Un supervarietà che incornicia una gara di canzoni. È sempre stato questo il Festival di Sanremo: uno show con una sfilata di cantanti, più o meno bravi. Ma è difficile negare che l’attesa maggiore sia sempre stata per gli ospiti, comici, star straniere, attori, vallette e gaffe del presentatore di turno. Nella serata di ieri, ancor più varietà del solito. A cominciare dall’esordio con relativo effetto spiazzamento affidato alla lunga esibizione di Luca e Paolo, ex iene a caccia di laurea in satira politica.

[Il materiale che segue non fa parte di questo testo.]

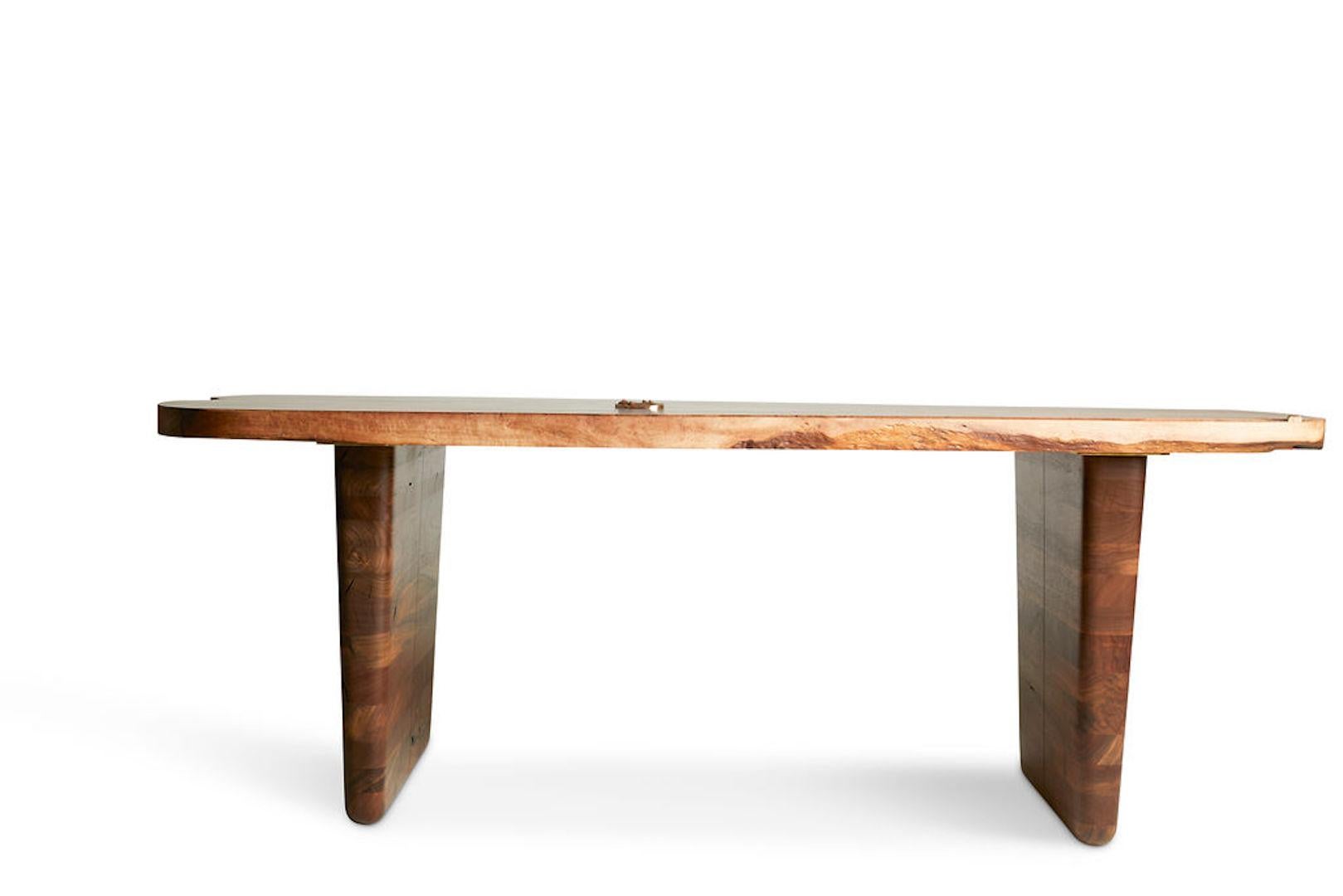 Sculptural dining table featuring a single slab claro walnut top with cast bronze inlay and bowtie. The base is made from stacked Claro, English, Bastogne, and black walnut.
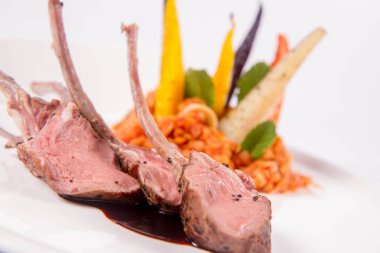 Kuzu pirzolası, kızarmış mercimek ile nane, beyaz bir arka plan üzerinde kızartma sebze ve biberiye sos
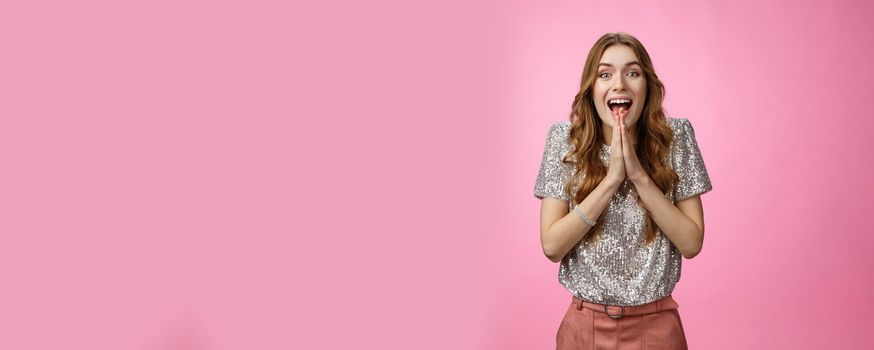 Excited attractive girlfriend eager start pack ready travel abroad win tickets press palms together happily thrilled looking amused feeling happiness standing pink background glamour outfit.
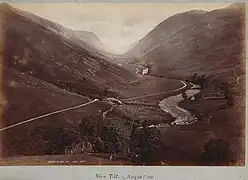 Wilson's August 1885 photograph of the Glen Tilt looking upstream toward Forest Lodge.    Location: 56°49′29″N 3°47′38″W﻿ / ﻿56.82461°N 3.79392°W﻿ / 56.82461; -3.79392﻿ (Glen Tilt June 2019)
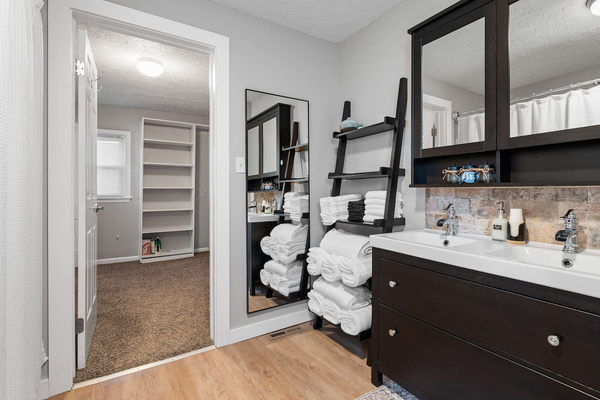 Private primary bathroom with a combination tub and shower, towels, and toiletries.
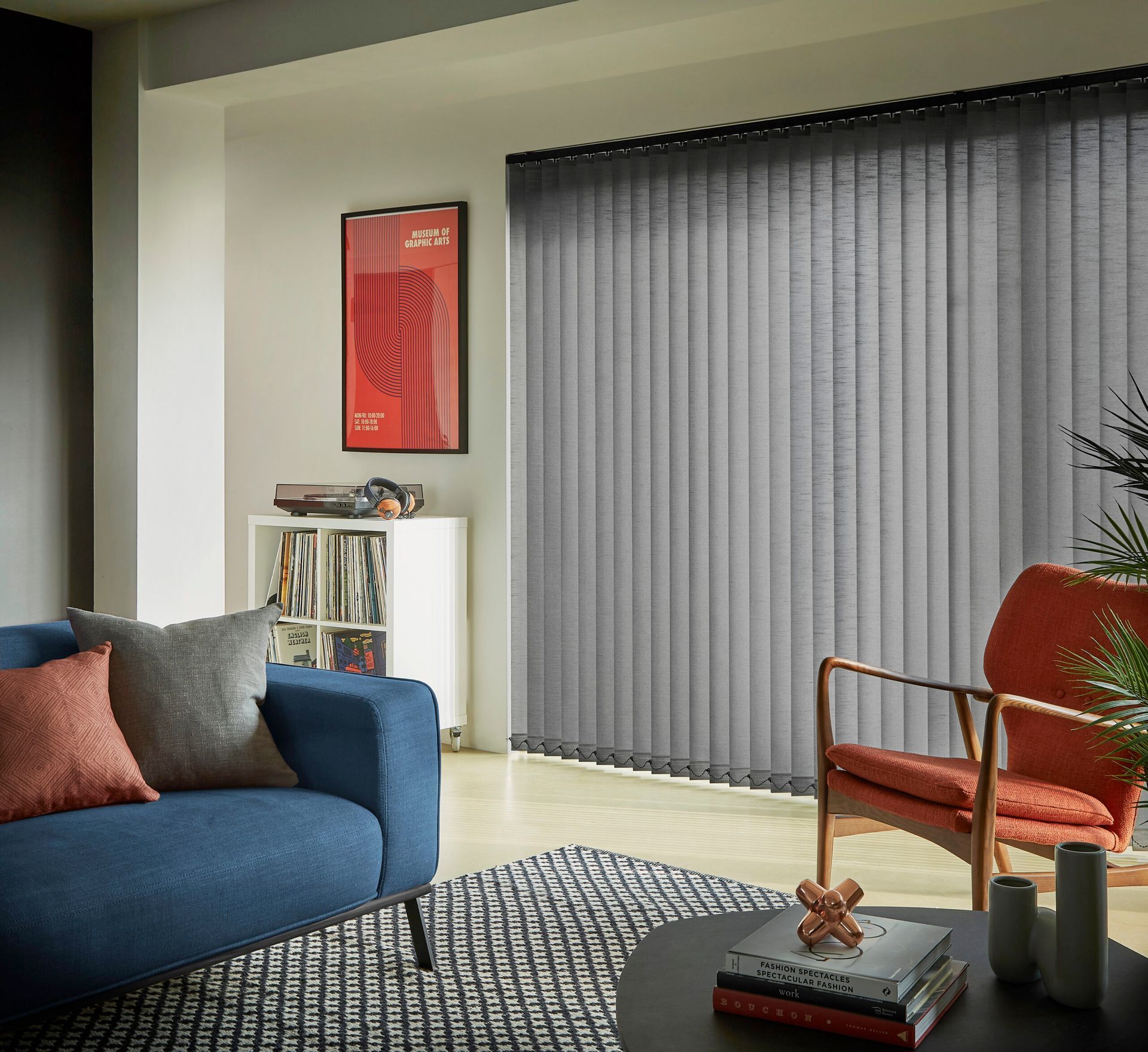 A living room with a blue couch and a red chair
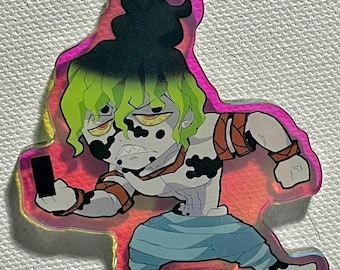 Puede incluir: Un personaje de anime verde y negro con un teléfono en una mano, de pie sobre un fondo rosa y naranja. El personaje tiene un patrón blanco y negro en su cuerpo y lleva un atuendo azul y blanco. El personaje es un llavero.
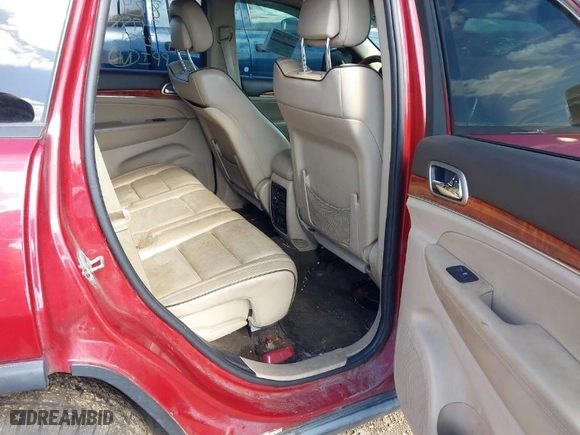 2011 Jeep Grand Cherokee Overland with VIN 1J4RR6GT9BC652336, listed as a IAAI auction lot 42028574 with 223,253 mi miles. Bid and sale history available at carsss.com. Image 8.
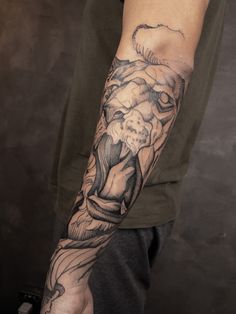 a man with a lion tattoo on his arm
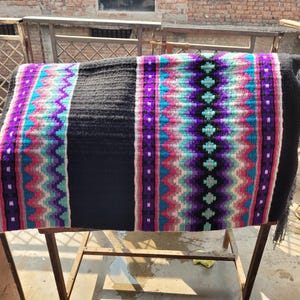 May include: A black and white saddle blanket with colorful geometric patterns in pink, purple, blue, and white. The blanket is woven with a fringe on the bottom edge.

Niente di che, Uomini soli dei Pooh che vinse il Festival nel 1990 con il testo rifatto sui comici orfani di Berlusconi: «O signore delle città/ te lo chiedo inginocchiato/ fa che torni quel pelato». Quando Rocco Papaleo arriva sul palco tinta bacio perugina lo spiazzamento diventa spaesamento. S’inceppa pure il sistema di votazione della giuria, alla faccia del nuovo mantra «stiamo tecnici». Con Morandi nella parte del veterano rigoroso, Papaleo dovrebbe portare l’imprevedibilità: vedremo nelle prossime serate. Su una cosa però Papaleo ha ragione, per quasi due ore non si vede una donna che è una.

Per ora la sensazione è di uno show dimesso, un tantino lento e impolverato. Uno show che non punta in alto. Che non spacca, direbbero quelli che parlano moderno. Manca lo smalto, manca l’ambizione. Uno perfetto show ai tempi dell’austerity. La noia domina anche nelle canzoni che sfilano senza impennate, in perfetto stile sanremese.

E non serve nemmeno l’ingresso di Celentano preceduto da sirene, mitragliatori, finti incendi nell’Ariston bombardato a dare la scossa alla serata. L’unica curiosità è capire dove andrà a parare il Molleggiato, che è sempre un bel rebus. Un lungo intermezzo che ha diviso in due lo show, aumentando lo spaesamento.